В трубке всхлипнули и замолкли. За время пока он разговаривал по телефону, в кабинет принесли две свечи. Медь, бронза и стекло письменного прибора тускло поблескивали, но в углах комнаты была неприятная темнота.
Дверь тихо открыли, там обозначился силуэт человекоподобной фигурки. Люля, маленькая мартышка, с нежным писком проскользнула в кабинет, вскочила ему на плечо и, мурлыча, стала своими ловкими пальцами гладить его шею… Вот Елена Георгиевна ревнует его к этой твари, а Люля уже тем хороша, что никогда не задает глупых вопросов.
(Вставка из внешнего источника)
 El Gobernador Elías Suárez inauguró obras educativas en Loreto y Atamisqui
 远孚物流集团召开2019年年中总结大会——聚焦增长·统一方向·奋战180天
«Да, ничего не сделаешь, столбовая дворянка, институт благородных девиц окончила, в любом обществе разговор поддержит, задает тон среди дам, но глупа. И оболтусы оба в нее — дураки».
Поглаживая Люлю по мягкой шерсти, градоначальник снова вышел на балкон. Вид бухты изменился, количество огней несколько уменьшилось. Еще светло было небо над Балахано-Сабунчинским районом, но стоило Мартынову взглянуть туда, сразу по тому месту точно кто-то ладонью хлестнул: огни погасли так внезапно, что Петр Иванович не удержался, дернулся головой, и хотя ему не обо что было удариться, он испуганно схватился за шишку. Потревоженная обезьяна, пригревшаяся на плече, недовольно заворчала, и он погладил ее…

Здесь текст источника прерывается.